After weeks of anticipation, the London Stock Exchange Group announced on December 21 that it had struck a deal to buy Turquoise, a London-based pan-European multilateral trading facility (MTF), and merge its businesses with Baikal, the LSE’s own pan-European dark pool. The combined entity will give the exchange group a means of competing directly with alternative trading platforms, which have successfully seized market share from the LSE and other major incumbent exchanges since their emergence in the wake of European market deregulation in late 2007.

The LSE has now promised to fully fund the cash needs of the new enterprise for the first two years in the wake of the deal with the intention of helping Turquoise turn a profit. Although the banks have stepped back, they still have an interest in Turquoise’s future: The combined entity will be 60 percent owned by the LSE and 40 percent owned by the existing Turquoise shareholders, who are global investment banking clients of the exchange group. The LSE plans to broaden equity participation in the new venture by selling up to 9 percent of the issued share capital to other parties while retaining a majority stake in the business.

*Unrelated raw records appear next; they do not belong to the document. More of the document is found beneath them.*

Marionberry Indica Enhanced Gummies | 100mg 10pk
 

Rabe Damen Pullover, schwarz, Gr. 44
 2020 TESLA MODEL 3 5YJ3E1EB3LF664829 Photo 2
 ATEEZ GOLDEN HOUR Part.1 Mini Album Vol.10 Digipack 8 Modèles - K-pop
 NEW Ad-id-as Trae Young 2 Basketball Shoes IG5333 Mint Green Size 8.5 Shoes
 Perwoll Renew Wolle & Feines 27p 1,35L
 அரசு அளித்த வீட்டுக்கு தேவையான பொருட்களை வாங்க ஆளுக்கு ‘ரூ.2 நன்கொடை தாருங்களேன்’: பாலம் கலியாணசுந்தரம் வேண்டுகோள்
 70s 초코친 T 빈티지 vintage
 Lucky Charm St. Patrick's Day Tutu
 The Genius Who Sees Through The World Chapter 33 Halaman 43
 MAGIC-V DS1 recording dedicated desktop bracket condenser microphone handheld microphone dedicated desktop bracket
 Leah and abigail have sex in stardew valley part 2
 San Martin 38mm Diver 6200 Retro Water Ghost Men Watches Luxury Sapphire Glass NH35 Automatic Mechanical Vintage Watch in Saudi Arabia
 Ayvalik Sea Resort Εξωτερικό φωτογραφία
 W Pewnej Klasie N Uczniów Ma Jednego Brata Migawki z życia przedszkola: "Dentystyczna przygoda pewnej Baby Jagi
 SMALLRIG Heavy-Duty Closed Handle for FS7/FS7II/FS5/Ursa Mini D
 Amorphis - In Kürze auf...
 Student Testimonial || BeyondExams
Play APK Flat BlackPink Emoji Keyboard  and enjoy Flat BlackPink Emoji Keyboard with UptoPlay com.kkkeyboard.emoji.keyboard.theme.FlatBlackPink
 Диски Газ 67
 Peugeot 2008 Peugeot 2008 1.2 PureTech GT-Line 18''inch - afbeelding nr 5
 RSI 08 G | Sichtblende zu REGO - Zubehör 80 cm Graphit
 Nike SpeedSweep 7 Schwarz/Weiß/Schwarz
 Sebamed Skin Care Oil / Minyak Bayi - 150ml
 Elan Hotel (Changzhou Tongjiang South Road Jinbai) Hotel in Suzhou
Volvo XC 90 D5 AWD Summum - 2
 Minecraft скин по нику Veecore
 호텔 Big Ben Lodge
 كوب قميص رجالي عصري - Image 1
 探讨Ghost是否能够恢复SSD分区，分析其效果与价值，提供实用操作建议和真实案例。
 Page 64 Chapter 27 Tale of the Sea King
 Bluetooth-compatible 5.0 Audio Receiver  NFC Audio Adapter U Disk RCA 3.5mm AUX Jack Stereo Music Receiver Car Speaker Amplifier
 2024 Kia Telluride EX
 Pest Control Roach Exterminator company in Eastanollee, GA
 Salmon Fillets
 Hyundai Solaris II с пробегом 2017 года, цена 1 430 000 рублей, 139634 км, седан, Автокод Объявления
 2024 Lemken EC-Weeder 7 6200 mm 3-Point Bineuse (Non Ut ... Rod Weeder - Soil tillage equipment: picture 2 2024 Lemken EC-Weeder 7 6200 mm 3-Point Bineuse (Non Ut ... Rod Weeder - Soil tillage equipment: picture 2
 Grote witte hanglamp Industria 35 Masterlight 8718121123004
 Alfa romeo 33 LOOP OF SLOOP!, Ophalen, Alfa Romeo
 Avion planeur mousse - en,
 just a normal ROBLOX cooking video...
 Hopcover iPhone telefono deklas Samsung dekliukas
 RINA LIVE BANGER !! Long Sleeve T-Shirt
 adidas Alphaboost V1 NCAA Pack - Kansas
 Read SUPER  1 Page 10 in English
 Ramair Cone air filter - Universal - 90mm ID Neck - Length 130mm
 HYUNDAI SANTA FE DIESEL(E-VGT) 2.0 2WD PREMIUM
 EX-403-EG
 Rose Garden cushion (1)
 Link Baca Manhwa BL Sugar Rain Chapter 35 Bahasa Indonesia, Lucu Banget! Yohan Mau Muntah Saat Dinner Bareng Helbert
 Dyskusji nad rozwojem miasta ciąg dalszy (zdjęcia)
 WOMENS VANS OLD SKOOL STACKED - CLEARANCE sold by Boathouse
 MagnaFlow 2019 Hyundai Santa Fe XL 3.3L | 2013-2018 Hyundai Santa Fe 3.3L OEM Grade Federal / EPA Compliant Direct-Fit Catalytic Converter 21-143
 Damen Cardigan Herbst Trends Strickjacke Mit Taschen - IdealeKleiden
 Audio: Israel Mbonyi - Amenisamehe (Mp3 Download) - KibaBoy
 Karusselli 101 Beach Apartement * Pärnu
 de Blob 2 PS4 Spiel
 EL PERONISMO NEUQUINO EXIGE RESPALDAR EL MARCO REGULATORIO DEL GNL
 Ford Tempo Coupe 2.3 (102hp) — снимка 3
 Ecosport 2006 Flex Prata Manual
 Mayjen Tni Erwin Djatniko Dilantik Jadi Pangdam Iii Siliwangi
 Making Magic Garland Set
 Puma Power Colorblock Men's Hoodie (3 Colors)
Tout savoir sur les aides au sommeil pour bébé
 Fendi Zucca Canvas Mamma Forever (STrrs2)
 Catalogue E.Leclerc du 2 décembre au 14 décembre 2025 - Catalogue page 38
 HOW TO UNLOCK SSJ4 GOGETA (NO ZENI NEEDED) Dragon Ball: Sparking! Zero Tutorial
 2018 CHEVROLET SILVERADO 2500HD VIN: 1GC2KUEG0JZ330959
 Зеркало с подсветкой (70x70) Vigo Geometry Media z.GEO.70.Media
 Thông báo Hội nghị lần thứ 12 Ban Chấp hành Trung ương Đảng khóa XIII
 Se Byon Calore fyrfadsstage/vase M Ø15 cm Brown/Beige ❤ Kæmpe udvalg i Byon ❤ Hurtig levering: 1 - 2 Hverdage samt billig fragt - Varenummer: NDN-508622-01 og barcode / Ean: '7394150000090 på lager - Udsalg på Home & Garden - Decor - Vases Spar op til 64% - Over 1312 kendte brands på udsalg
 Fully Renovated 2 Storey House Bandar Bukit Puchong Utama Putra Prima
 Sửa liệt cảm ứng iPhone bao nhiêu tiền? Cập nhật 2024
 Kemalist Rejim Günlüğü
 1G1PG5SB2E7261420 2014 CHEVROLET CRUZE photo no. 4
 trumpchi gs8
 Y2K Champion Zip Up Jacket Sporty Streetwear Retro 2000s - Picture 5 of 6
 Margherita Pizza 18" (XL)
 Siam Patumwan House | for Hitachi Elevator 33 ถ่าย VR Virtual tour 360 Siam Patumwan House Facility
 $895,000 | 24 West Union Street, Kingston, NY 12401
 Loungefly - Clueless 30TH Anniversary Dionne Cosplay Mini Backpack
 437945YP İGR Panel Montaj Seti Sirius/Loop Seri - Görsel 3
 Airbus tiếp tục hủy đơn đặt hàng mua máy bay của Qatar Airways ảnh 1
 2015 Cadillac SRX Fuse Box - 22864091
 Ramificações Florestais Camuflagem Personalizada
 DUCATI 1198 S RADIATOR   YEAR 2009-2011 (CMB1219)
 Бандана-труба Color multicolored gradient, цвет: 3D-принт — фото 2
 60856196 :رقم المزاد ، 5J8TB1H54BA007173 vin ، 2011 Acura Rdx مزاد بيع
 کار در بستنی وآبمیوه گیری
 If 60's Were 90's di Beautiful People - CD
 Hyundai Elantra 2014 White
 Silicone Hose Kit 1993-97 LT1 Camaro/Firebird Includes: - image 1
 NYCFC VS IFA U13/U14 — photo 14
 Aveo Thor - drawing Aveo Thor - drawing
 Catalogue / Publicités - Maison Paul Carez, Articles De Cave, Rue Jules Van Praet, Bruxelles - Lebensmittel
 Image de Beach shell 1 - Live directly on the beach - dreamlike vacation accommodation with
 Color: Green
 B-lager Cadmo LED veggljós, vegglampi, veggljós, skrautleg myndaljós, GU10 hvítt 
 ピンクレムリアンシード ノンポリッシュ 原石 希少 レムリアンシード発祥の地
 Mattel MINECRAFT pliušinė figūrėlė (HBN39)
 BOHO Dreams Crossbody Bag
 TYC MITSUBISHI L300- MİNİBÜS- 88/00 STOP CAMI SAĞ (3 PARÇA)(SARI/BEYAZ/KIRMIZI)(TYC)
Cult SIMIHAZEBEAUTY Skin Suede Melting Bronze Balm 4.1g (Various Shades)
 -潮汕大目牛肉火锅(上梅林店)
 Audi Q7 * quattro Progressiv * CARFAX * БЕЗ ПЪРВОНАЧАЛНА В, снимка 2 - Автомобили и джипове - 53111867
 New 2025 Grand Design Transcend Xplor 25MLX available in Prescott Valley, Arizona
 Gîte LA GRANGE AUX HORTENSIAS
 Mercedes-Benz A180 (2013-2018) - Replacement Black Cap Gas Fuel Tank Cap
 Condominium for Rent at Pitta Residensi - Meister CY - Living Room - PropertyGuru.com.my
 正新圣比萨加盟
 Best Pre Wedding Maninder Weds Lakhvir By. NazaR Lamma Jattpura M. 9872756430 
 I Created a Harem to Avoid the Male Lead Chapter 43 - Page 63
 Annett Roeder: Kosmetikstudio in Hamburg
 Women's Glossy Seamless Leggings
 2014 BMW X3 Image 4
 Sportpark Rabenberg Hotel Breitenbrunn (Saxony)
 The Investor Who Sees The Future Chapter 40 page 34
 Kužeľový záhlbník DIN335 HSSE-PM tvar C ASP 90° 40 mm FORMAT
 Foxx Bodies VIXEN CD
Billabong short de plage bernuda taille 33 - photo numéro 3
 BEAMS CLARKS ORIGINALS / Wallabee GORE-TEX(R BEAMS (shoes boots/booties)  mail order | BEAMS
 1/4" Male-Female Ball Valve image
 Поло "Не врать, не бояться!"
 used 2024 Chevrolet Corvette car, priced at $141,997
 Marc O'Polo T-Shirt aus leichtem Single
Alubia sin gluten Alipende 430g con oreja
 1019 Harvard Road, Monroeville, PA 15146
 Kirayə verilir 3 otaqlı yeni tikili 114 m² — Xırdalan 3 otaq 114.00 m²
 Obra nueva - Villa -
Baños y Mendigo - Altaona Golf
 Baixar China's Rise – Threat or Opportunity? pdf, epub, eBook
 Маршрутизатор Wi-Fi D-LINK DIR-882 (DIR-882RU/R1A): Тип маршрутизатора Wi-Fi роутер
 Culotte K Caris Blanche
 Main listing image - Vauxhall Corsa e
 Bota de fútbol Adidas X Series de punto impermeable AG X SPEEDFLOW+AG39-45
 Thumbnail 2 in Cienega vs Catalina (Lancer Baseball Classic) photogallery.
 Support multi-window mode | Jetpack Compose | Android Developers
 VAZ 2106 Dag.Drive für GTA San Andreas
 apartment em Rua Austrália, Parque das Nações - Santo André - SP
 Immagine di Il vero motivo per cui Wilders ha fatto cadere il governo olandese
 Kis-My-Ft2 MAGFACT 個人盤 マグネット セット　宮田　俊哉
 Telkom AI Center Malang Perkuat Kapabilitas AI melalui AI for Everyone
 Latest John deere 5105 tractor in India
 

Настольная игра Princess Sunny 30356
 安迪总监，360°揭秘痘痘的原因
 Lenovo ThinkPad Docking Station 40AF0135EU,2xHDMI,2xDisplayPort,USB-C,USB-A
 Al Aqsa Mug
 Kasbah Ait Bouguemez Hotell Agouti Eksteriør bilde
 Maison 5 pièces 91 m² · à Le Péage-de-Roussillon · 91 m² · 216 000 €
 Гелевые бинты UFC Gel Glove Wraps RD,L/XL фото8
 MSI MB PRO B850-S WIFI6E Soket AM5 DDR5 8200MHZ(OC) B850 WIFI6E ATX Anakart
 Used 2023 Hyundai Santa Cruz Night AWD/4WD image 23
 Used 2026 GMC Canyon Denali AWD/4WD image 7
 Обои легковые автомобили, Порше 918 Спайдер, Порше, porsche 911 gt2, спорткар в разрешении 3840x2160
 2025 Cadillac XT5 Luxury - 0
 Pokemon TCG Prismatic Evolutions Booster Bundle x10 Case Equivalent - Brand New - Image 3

The opportunities afforded by the merger of Turquoise and Baikal should help the LSE regain some of its competitive edge. Turquoise now operates across 15 European markets, and its integrated trading platform combines both dark and lit, or visible, order flows. With the banks as co-owners, Turquoise will likely be able to continue to attract significant liquidity from its equity partners, affording the LSE a new means of protecting its trading volumes. But LSE CEO Xavier Rolet is not interested in simply using Turquoise for defensive purposes — he intends to build upon Turquoise’s existing infrastructure and take the battle to the MTFs.